Forest Chapel, as is suggested by its name, was located in the large and dense oak forest along Red river eight miles south of Wheelock. Its post office has been successively, Wheelock, Fowlerville, Parsons and since 1906 Millerton. The Forest church was organized by Parson Stewart about 1886, and was served by him once a month the next seven years. In 1898 it became a remote part of the field of Rev. William Butler of Eagletown, who also endeavored to visit it once a month.

The chapel was a lonely, dingy and dilapidated building, inside as well as outside. It was about 20 by 30 feet and was built entirely of rough lumber. The side walls consisted of one thickness of wide inch boards, nailed at the top and bottom, and having a thin strip over the cracks on the outside. The roof was covered with long, split, oak clapboards, that invariably look black and rough at the end of a year. The pulpit consisted of a box-like arrangement that stood on a small platform at the center of one end. The seats consisted of a half dozen rough benches without backs, that could be arranged around the stove in cold weather, or in three fold groups for a picnic dinner, the middle one being used for a table on such occasions and the other two for seats around it. No paint or even white wash ever found a place on this building. It was the largest and best building in the neighborhood, and the popular resort for all of their social gatherings.

The leading men of the congregation consisted of two elders, both venerable and devout survivors of the slavery period, neither of whom could read, and a deacon, who was one of the only two of the older people who could read a little.

LIFTING THE COLLECTION

It was regarded as the duty of the deacon to "lift the collection" at the Sabbath services. This gave him a very prominent part in the services, for the collection is not lifted by passing the hat or basket, but each contributor, after the general call brings their offering and lays it either on the pulpit or a little stand near it. However novel this arrangement may at first appear to those unaccustomed to it, it must be remembered that a method somewhat similar to this was in use in the Temple in Jerusalem, when our Lord Jesus, taking his seat opposite the treasury, saw the poor widow cast in her two mites and commended her very highly.

It was not unusual for the deacon to announce before hand the amount needed and then, as the offerings are presented, to state the amount received from time to time, until finally the whole amount is obtained. This part of the service was always enlivened by singing some soul-stirring songs, that everybody could sing. Occasionally it would take the form of a good natured rivalry, as to which could appear the most happy and joyous, the deacon, vociferously announcing from time to time as their offerings came in, the latest result of the collection, or, the people, whose merry singing would occasionally develop into a shout of ecstatic enjoyment, on the part of one or more of their number.

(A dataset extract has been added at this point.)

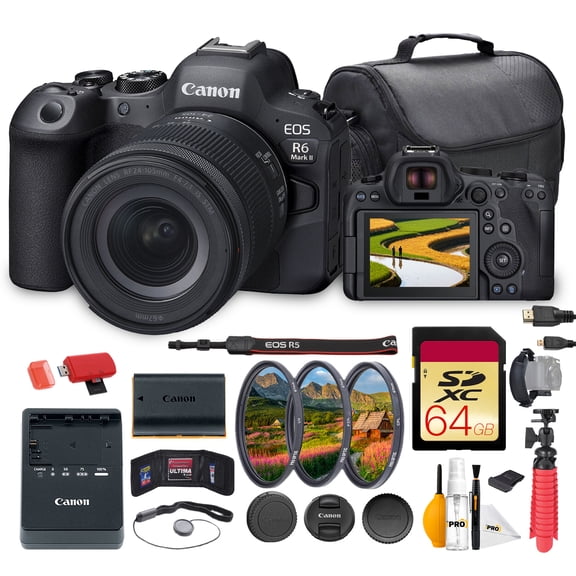 Canon EOS R6 Mark II Mirrorless Camera with 24-105mm f/4-7.1 IS STM Lens Bundle | 24.2MP Sensor, Dual Pixel AF II & 4K 60p Video | Great for Events & Hybrid Creators   64GB Card   Bag   More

PRIMITIVE MID-WEEK MEETINGS

The early preachers, having monthly appointments, were always very faithful in exhorting and encouraging the elders of their distant congregations to maintain regular Sabbath services, for the study of the Bible and Catechism, and a mid-week meeting for praise and prayer. The people were encouraged to attend all these meetings and cordially co-operate with the elders in making them interesting and instructive.

The older generation at Forest was one that had a foretaste of slavery in their early days, but not a day of school privileges, except as the Bible was read or taught at their meetings on the Sabbath. The lack of school privileges in the neighborhood and its remote seclusion from the outside world, had the effect of leaving these colored people to continue their primitive ways and methods of doing things, to a later date than in many other more highly favored communities.